Test de terrain d’une technologie cloud sécurisée

Les services d’aliunid ne se fondent pas sur un ordinateur central, mais sur la plateforme SIOT (Swiss Internet of Things) initialement conçue à la BFH, une technologie cloud 100% suisse reposant sur une approche «en essaim». C’est par ce biais que s’opèrent les échanges de données et la gestion des charges. Au sein de la start-up aliunid, la BFH est la partenaire pour la plateforme d’information basée sur l’IOT. D’importants mandats de recherche pour la haute école concernent notamment la cybersécurité et la protection des données. L’approvisionnement «qui respire» est tributaire de nombreuses informations provenant des ménages, et le client final n’accordera sa confiance à aliunid qu’une fois certain que le risque d’abus est écarté.

Une année après les premières réflexions, aliunid a lancé des essais sur le terrain avec le soutien de l’Office fédéral de l’énergie. Outre trois grands producteurs d’énergie hydraulique, quinze fournisseurs d’énergie de taille moyenne et près de 400 ménages (probablement 2000 à fin 2020) participent à ce galop d’essai. La commercialisation est prévue en 2021. L’EPF Zurich, l’Empa, la HES-SO Valais-Wallis et la BFH sont elles aussi de la partie. Cette dernière apporte une grande expérience dans le développement d’applications commercialisables à partir de nouvelles technologies.

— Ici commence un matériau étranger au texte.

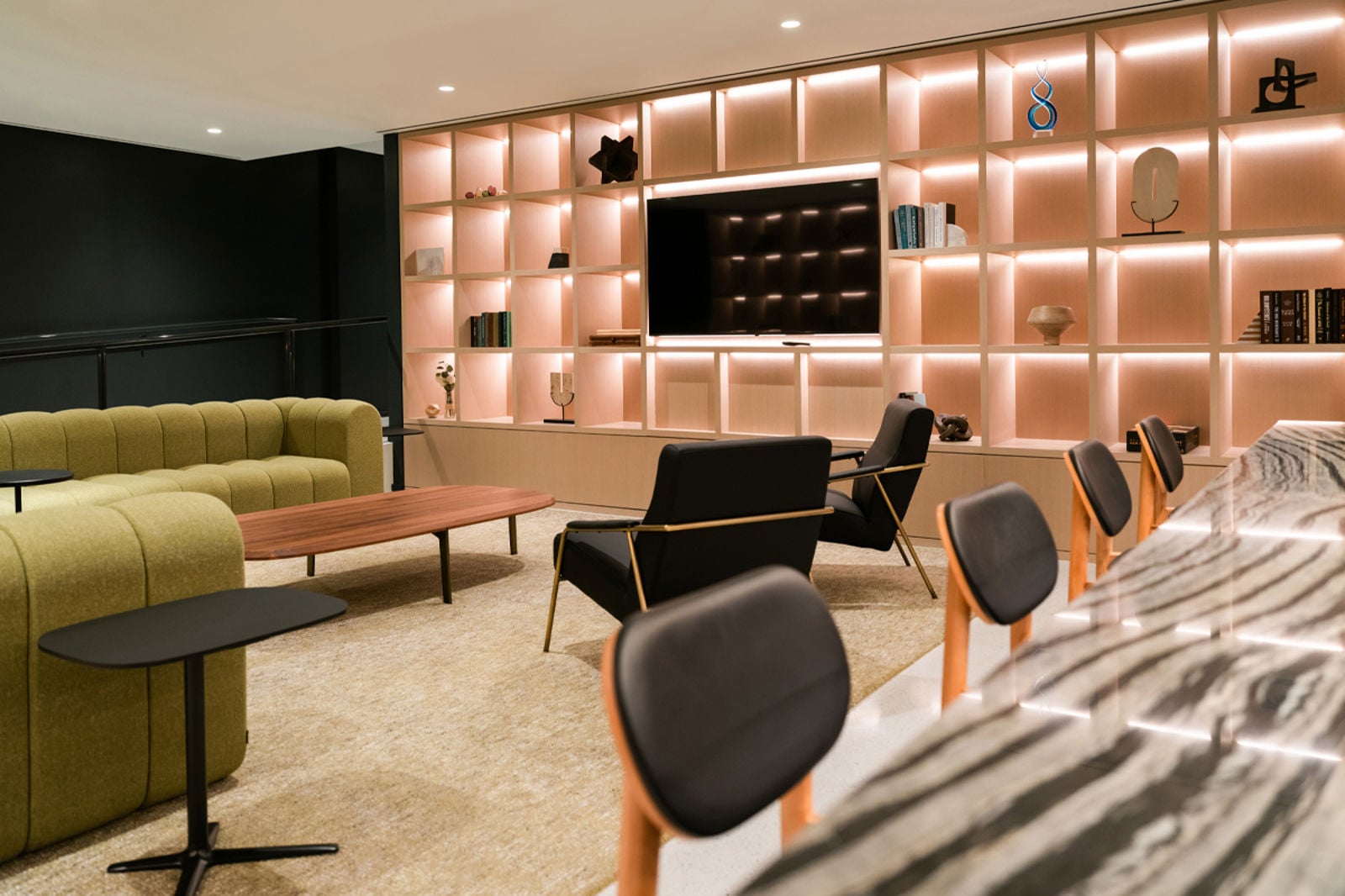 TheWarner_GlobalListing_1200x800_72dpi_H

Économies d’énergie et réduction des émissions de CO 2

Afin que l’approvisionnement énergétique «qui respire» soit accueilli favorablement, aliunid développe une application mobile conviviale mettant à disposition des prosumers des informations passionnantes en temps réel: leur production d’électricité, leur consommation, le cout de cette électricité et – principal facteur d’influence de l’empreinte écologique – la charge de CO2 de l’énergie qu’ils consomment. Cette dernière valeur dépend fortement de l’heure, du jour et de la saison. Ces informations doivent inciter à optimiser la consommation d’électricité et à améliorer l’efficacité énergétique personnelle. La première étape dans cette direction est un objectif d’économie d’énergie de 10%. Les clients profitent par ailleurs grandement de la connectivité de l’app avec les solutions de maison intelligente permettant de gérer l’éclairage et le chauffage de manière énergétiquement optimisée, avec les systèmes de surveillance et avec bien d’autres choses.

Sans l’Internet of Things, la gestion décentralisée, flexible et en temps réel de volumes de données considérables, telle que l’exige l’approvisionnement énergétique «qui respire», ne serait pas réalisable. Grâce à son immense compétence dans ce secteur, la BFH contribue abondamment à la mise en place d’un approvisionnement énergétique exempt de carbone, durable et rentable en Suisse.